[Recorded data]:
▶
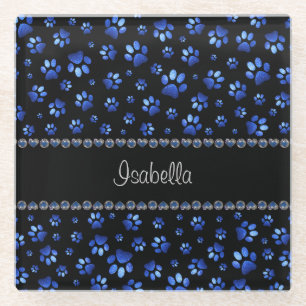Custom name, blue glitter dog paws glass coaster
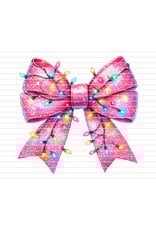 DTF Print-320* 12secs Cold Peel- Pink Christmas Lighted Bow (Toddler)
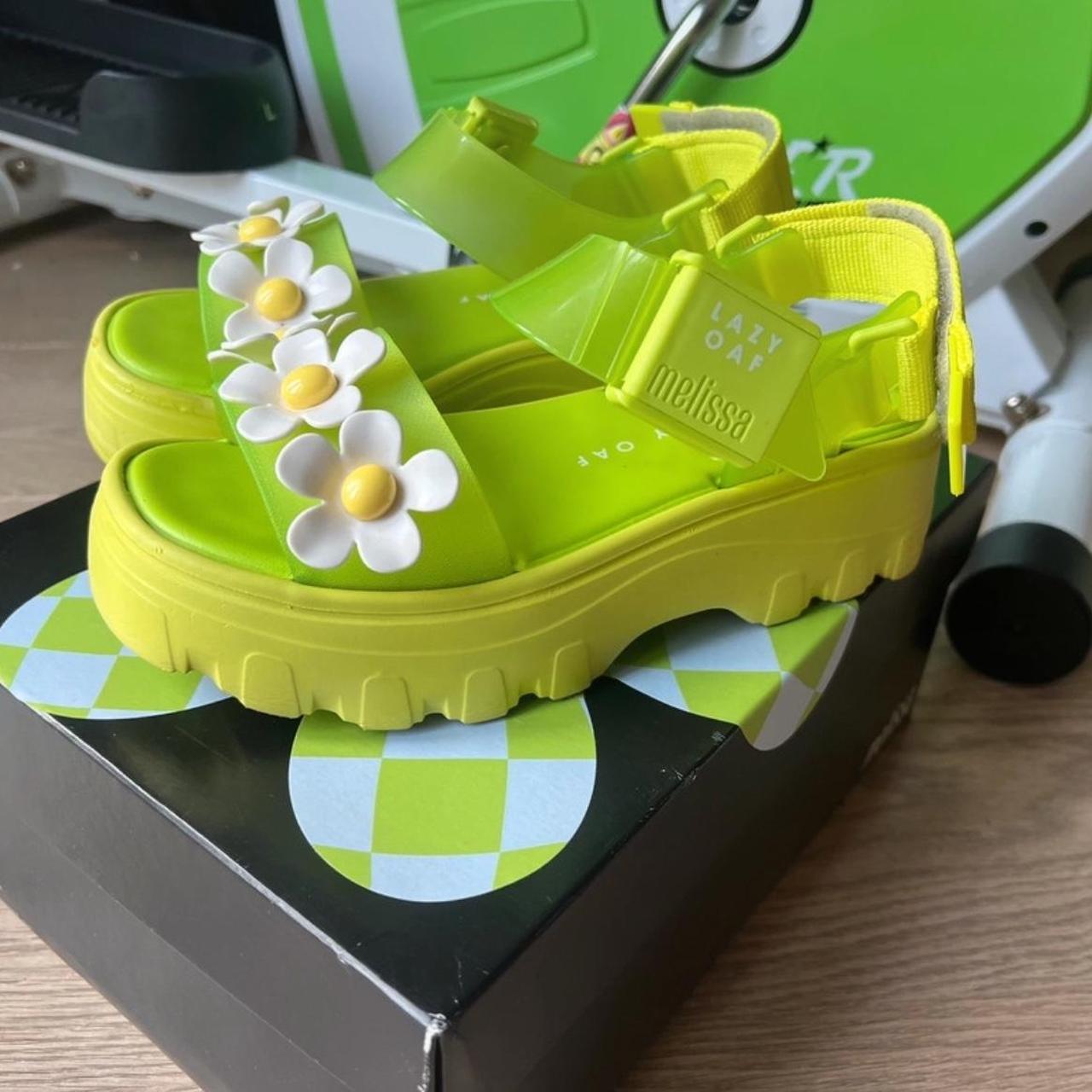 Green Lazy Oaf Melissa Sandals Size 3 These are... - Depop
◀
[Work task]: Word for word, reproduce the listing above; no image should be carried over.

[Your solution]:
Custom name, blue glitter dog paws glass coaster
 DTF Print-320* 12secs Cold Peel- Pink Christmas Lighted Bow (Toddler)
 Green Lazy Oaf Melissa Sandals Size 3 These are... - Depop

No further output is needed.